━━━ RECORDS
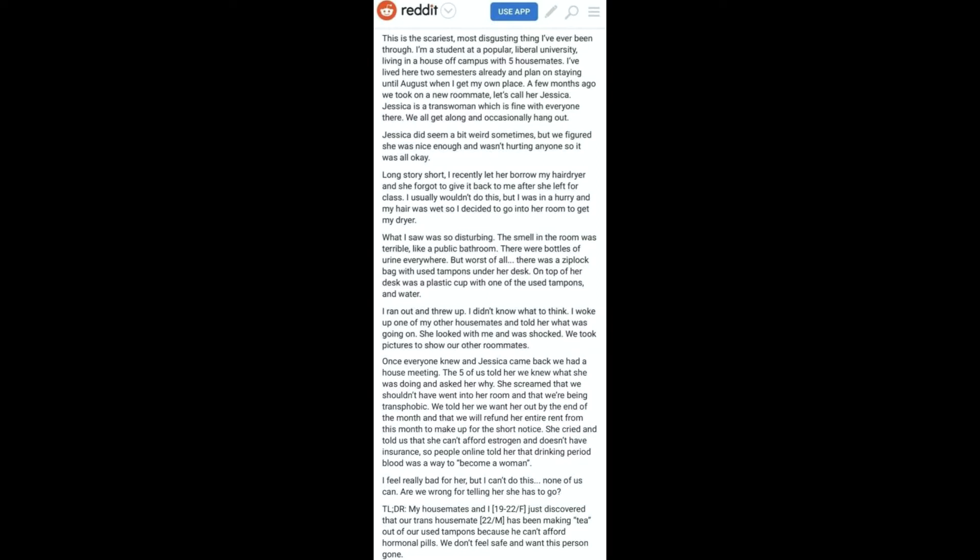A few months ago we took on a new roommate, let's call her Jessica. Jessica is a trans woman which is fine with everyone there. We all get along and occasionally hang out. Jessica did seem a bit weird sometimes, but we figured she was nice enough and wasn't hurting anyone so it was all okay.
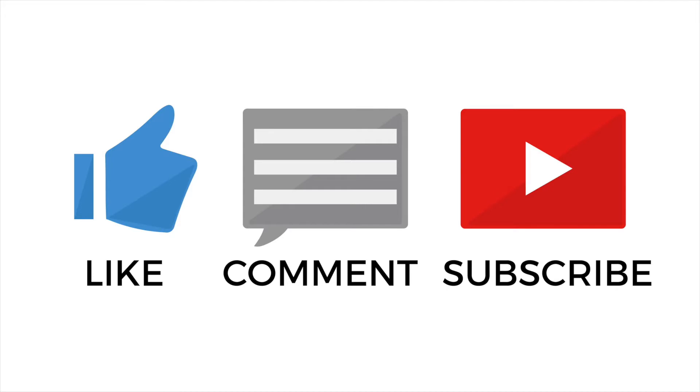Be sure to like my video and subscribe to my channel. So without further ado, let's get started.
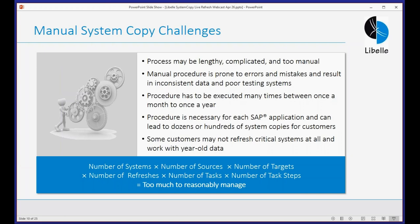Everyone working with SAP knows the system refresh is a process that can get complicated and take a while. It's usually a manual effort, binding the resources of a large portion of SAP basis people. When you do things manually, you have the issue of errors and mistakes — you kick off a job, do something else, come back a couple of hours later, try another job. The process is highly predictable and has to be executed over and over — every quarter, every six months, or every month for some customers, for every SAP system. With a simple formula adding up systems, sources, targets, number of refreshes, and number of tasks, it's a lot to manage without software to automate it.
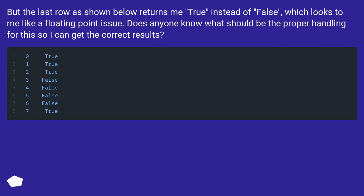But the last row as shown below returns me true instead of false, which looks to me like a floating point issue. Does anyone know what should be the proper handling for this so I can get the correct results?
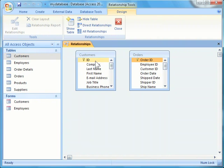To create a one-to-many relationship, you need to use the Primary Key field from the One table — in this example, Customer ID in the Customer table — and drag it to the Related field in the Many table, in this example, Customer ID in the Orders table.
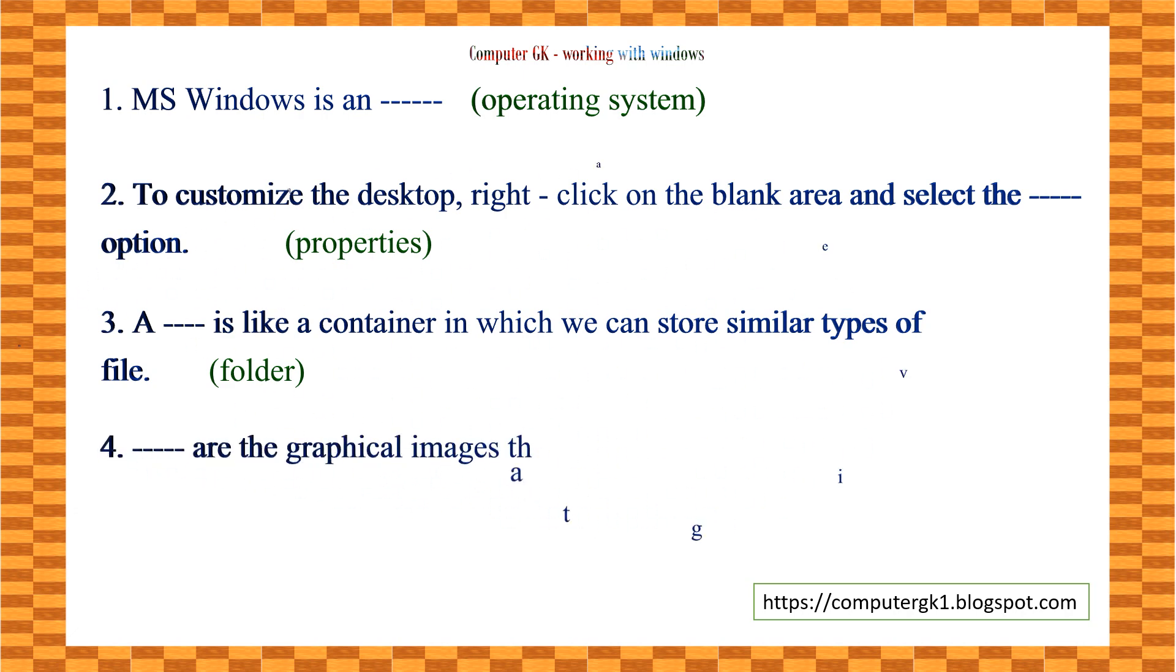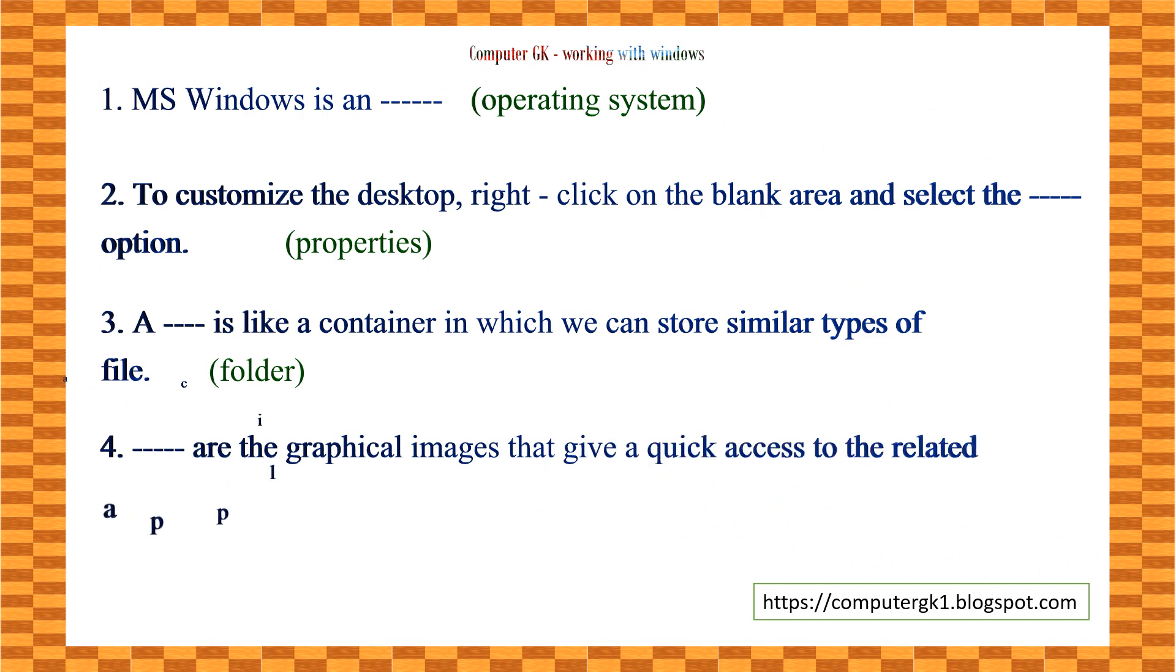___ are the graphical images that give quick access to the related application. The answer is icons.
━━━━━━
GOAL OF THE EXERCISE — Each entry above must come back exactly as written. Drop the images.

ANSWER SPACE —
A few months ago we took on a new roommate, let's call her Jessica. Jessica is a trans woman which is fine with everyone there. We all get along and occasionally hang out. Jessica did seem a bit weird sometimes, but we figured she was nice enough and wasn't hurting anyone so it was all okay.
Be sure to like my video and subscribe to my channel. So without further ado, let's get started.
Everyone working with SAP knows the system refresh is a process that can get complicated and take a while. It's usually a manual effort, binding the resources of a large portion of SAP basis people. When you do things manually, you have the issue of errors and mistakes — you kick off a job, do something else, come back a couple of hours later, try another job. The process is highly predictable and has to be executed over and over — every quarter, every six months, or every month for some customers, for every SAP system. With a simple formula adding up systems, sources, targets, number of refreshes, and number of tasks, it's a lot to manage without software to automate it.
But the last row as shown below returns me true instead of false, which looks to me like a floating point issue. Does anyone know what should be the proper handling for this so I can get the correct results?
To create a one-to-many relationship, you need to use the Primary Key field from the One table — in this example, Customer ID in the Customer table — and drag it to the Related field in the Many table, in this example, Customer ID in the Orders table.
___ are the graphical images that give quick access to the related application. The answer is icons.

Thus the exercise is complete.